Executives, a more savvy sort, lose passion when denied the advancement or consideration they feel they deserve. They’re not obnoxious about this attitude, but they don’t try to cover it up, either. They’re not going to give a real effort to a project or company that acts against their own interests or lowers their own social status. They won’t negotiate against themselves by being “passionate”, either. They want to be seen as supremely competent, but not sacrificial. That’s the difference between them and us. Executives are out for themselves and relatively open about the fact. Programmers, on the other hand, heroize some of the stupidest forms of self-sacrifice: the person who delivers a project (sacrificing weekends) anyway, after it was cancelled; or the person who moves to San Francisco without relocation because he “really believes in” a product that he can’t even describe coherently, and that he’ll end up owning 0.05% of.

What executives understand, almost intuitively, is reciprocity.
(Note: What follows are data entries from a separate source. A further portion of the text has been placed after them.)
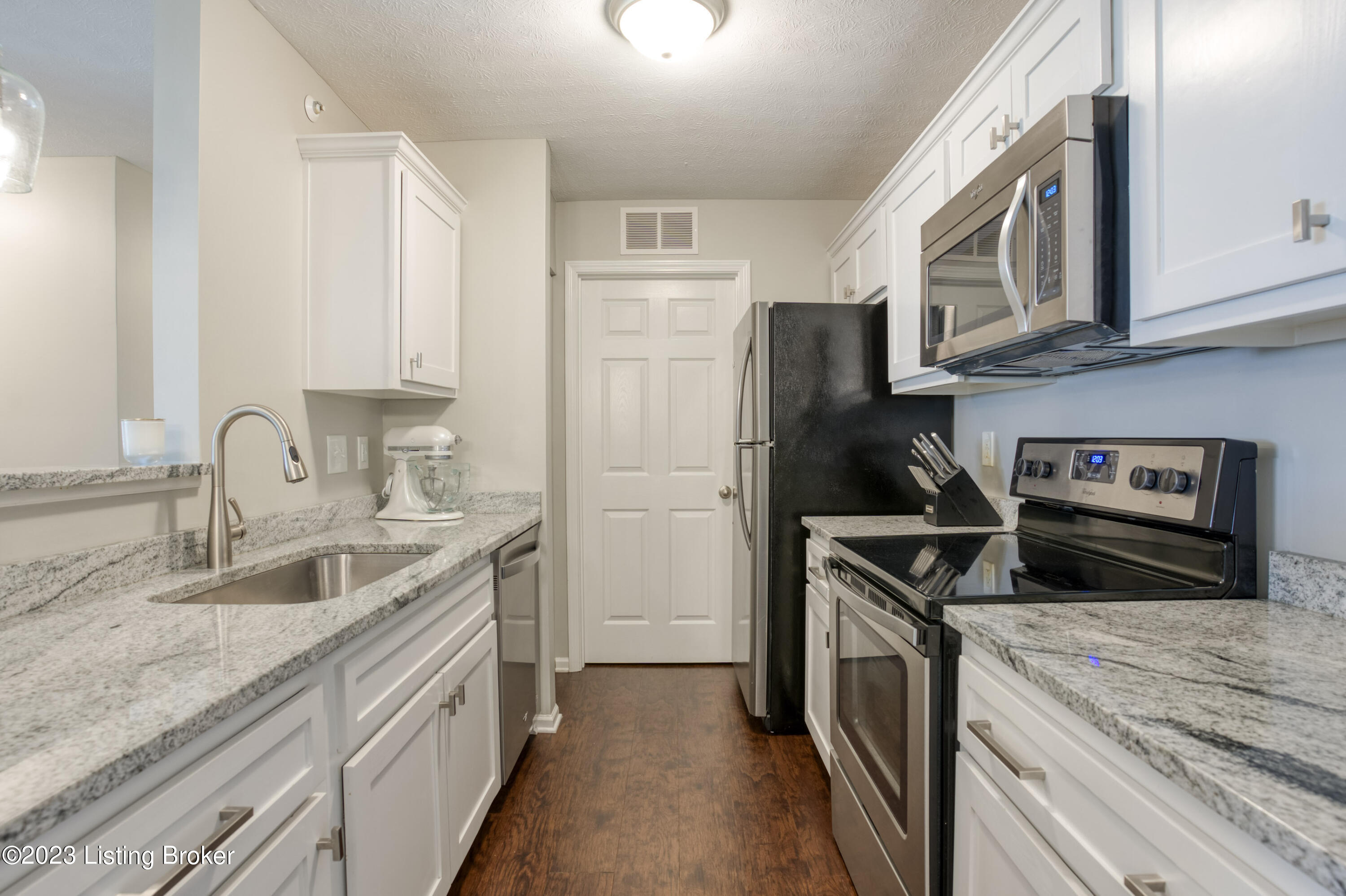 5309 Rolling Rock Ct, 103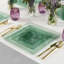 Party Supplies Kit-98896530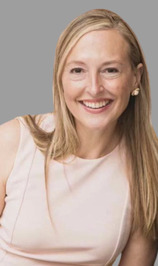 Hope C. Tarr profile picture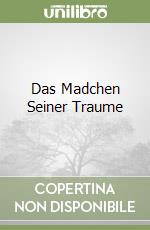 Das Madchen Seiner Traume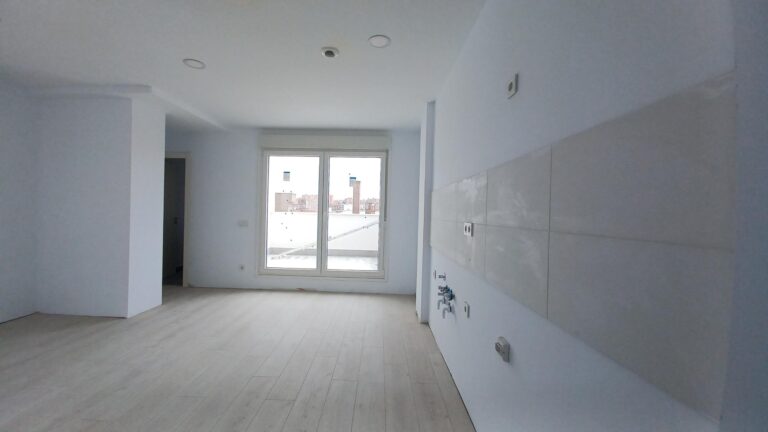 Residencial Santa Julia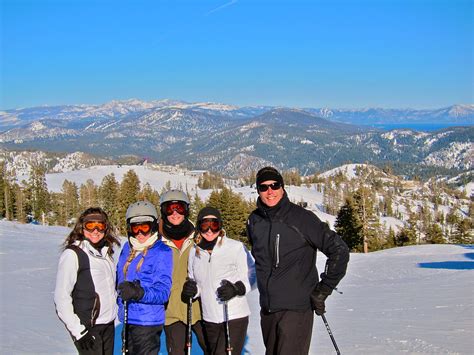 斯阔谷学院-招生简章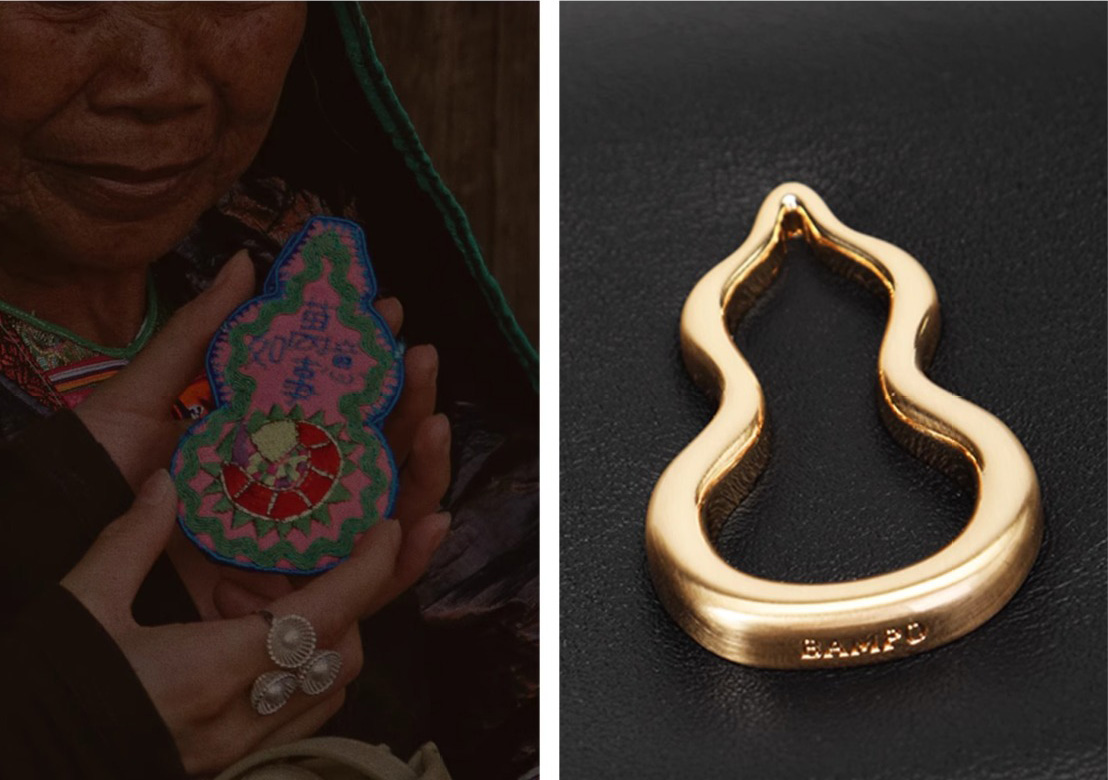 香港狄記皮具 狄記 原創真皮手工 ins郵差包 ins風格包包 頭層牛皮包包 皮革 原創手工真皮 皮件 DEEPKEE 復古真皮手工包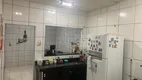 Foto 6 de Casa com 3 Quartos à venda, 139m² em Shopping Park, Uberlândia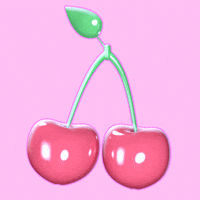 Happy Fun GIF by Simon Falk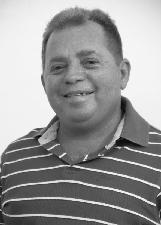 Foto de ERIVAN DANTAS CARDOSO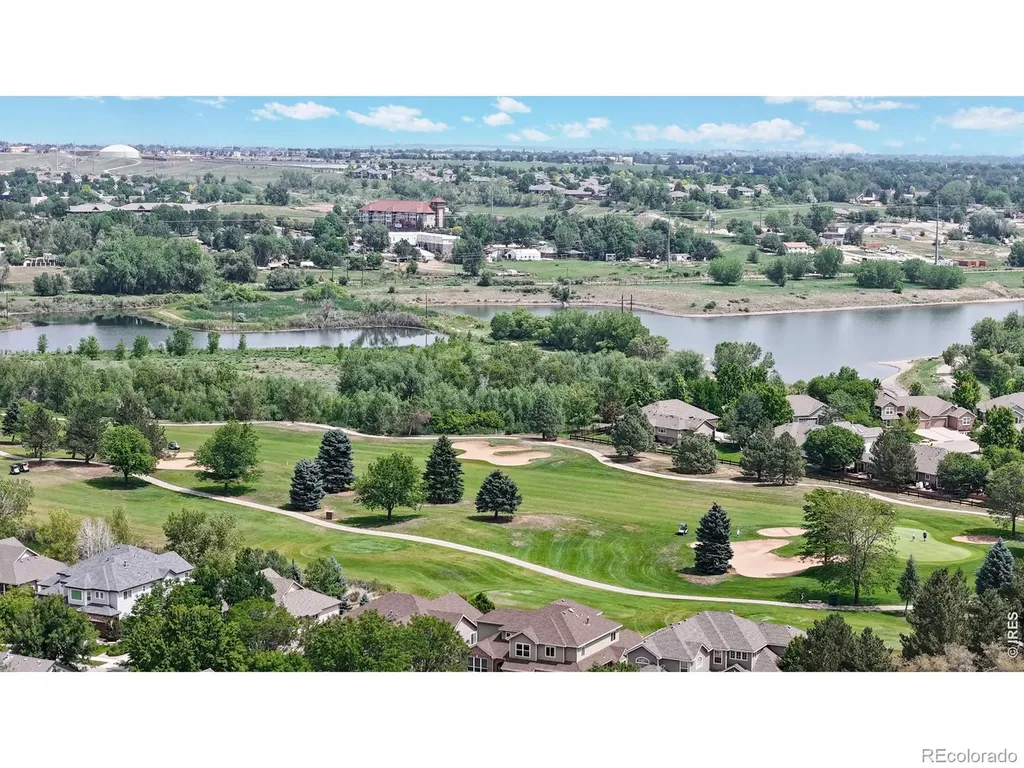 138 N Pamela Drive Loveland CO 80537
They give favors to earn favors, but avoid self-sacrifice. They won’t fall into “love of the craft” delusions when “the craft” doesn’t love them back. They’re not afraid to “get political”, because they realize that work is mostly politics. The only people who can afford to be apolitical or “above the fray”, after all, are the solid political winners. But until one is in that camp, one simply cannot afford to take that delusion on.

If programmers want to be taken seriously, and we should be taken seriously and we certainly should want this, we’re going to have to take stock of our compromised position and fix it, even if that’s “getting political”. We’re going to have to stop glorifying pointless self-sacrifice for what is ultimately someone else’s business transaction, and start asserting ourselves and our values.